Cap doesn’t wait for an answer, just reaches a long arm to snag the edge of a throw pillow and pull it from the couch. Barnes lifts his hips obediently, and Cap gets a mouthwatering view as he slips the pillow beneath his ass. “So pretty… gonna eat that sweet thing later. But right now—”

Barnes is already pushing himself toward Cap as the tip of his cock touches his hole. “Yeah?” Cap grins.

“Fuck me!” is all Barnes can manage.

So Cap leans over Barnes, putting a hand down beside his chest, and holds his dick as he rocks his weight forward. There’s resistance, but between Cap thrusting toward him and Barnes lifting his legs to pull at Cap’s hips with his heels, Cap’s cock soon breaches Barnes and they both gasp. 

Cap stretches out over Barnes, a hand on his metal shoulder as if to hold him in place. Barnes’s head is thrown back and Cap takes in his expression, half-tortured and half lost in ecstasy, while he pushes slowly but relentlessly into him. “Open your eyes, doll. Look at me.”

Barnes does, and he’s so sex-drunk his eyes look glassy, but he locks onto Cap’s eyes and whatever emotions he might be feeling, Cap doesn’t see reluctance or regret. Certainly there’s no hint of reservation in the way Barnes rocks against him to take in that last inch. 

“Yeah. Oh, yeah,” Barnes murmurs.

Cap leans down and kisses him, and the kiss turns quickly messy. When it’s over, Cap starts to move, and Barnes eagerly braces his feet against Cap’s flanks, encouraging his tentative thrusts. It’s so good, so hot and tight, Cap worries about coming first. He decides to make sure that doesn’t happen.

“C’mon, doll, I wanna see you come now. Will you come for me while I fuck you?” Soon his thrusts are long and deep, getting progressively harder as Barnes signals that’s what he wants.

“Fuck! Cap… Steve… Feels so fuckin’ good! I’m gonna come,” Barnes cries.
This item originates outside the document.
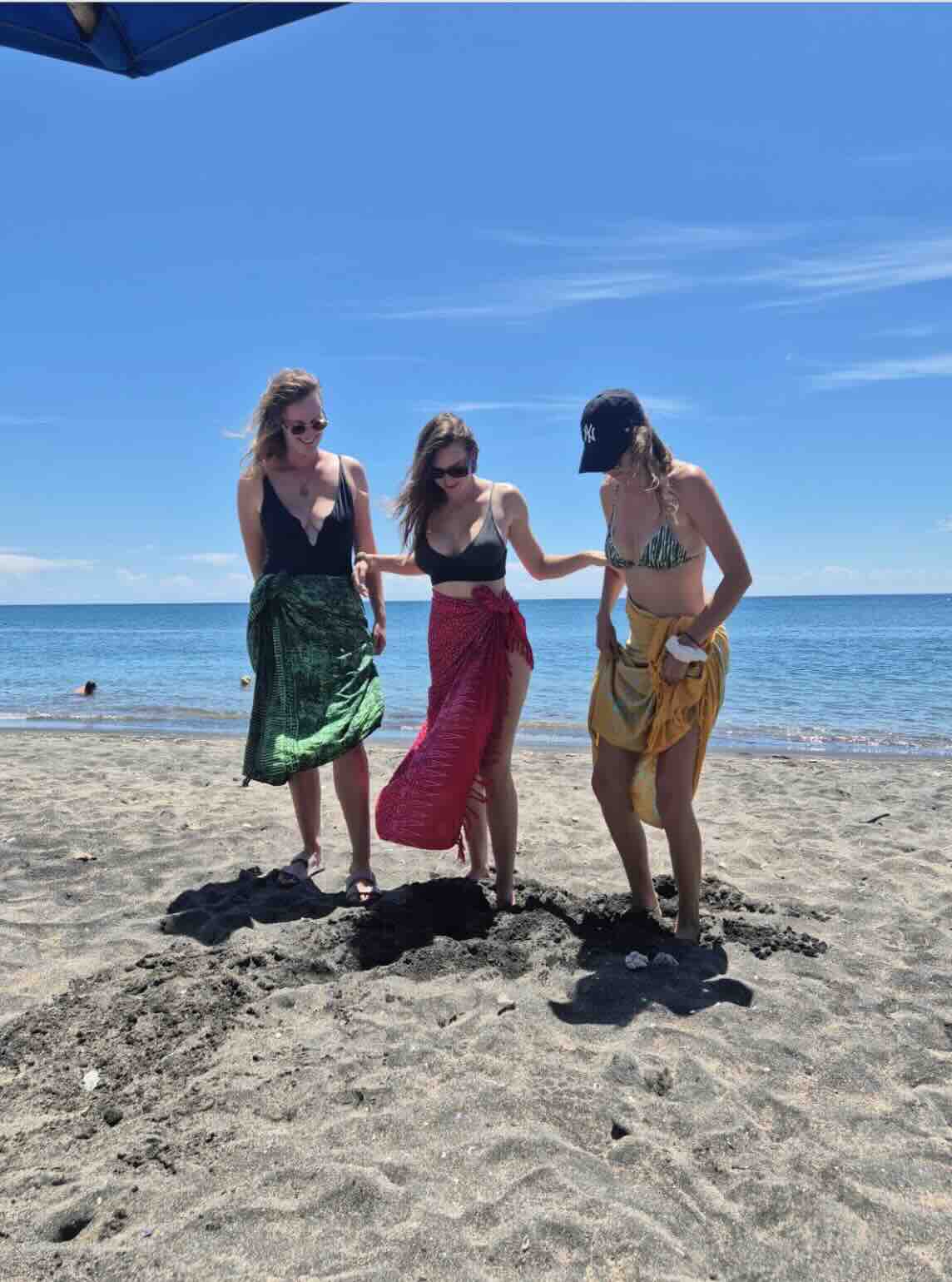 Travelers walking on a black sand beach in Amed, Bali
“That’s right, doll,” Cap grunts through gritted teeth. He lifts up to reach for Barnes’s impossibly hard dick between them, but Barnes makes a negative noise and pulls him back down onto him. 

“Just you. Just your cock in me.”

As if Cap wasn’t already having trouble holding off his orgasm watching this gorgeous man thrash and babble with need while Cap pounds into him. 

Luckily for Cap, Barnes shudders convulsively at that moment and gives a strangled scream as he digs his fingers into Cap’s ass and bites down on his shoulder. He’s coming hard, shooting what feels like a deluge of hot seed between them. Barnes hisses an inarticulate string of filthy nonsense interspersed with cries as he jerks with wave after wave of pleasure. 

When Cap hears his own name in there, it’s too much. He’s helpless to stop the spasm of ecstasy that grabs old of him and carries him, screaming, over the edge. He explodes into Barnes, grinding down so hard it has to hurt, although Barnes seems beyond feeling that right now. Cap pumps into him, just letting the idea that he’s fucking Jim Barnes, unloading into him while Jim’s still shaking from his own orgasm, pull shudder after shudder of pleasure through him. 

Привет Hi, Hello.

Я в порядке I’m all right.

Мне это не нужно I don’t need that.

Ну и что? Так проще. So what? It’s just easier.

**Notes for the Chapter:**

> Whoo. Is it hot in here, or is it Cap and Barnes?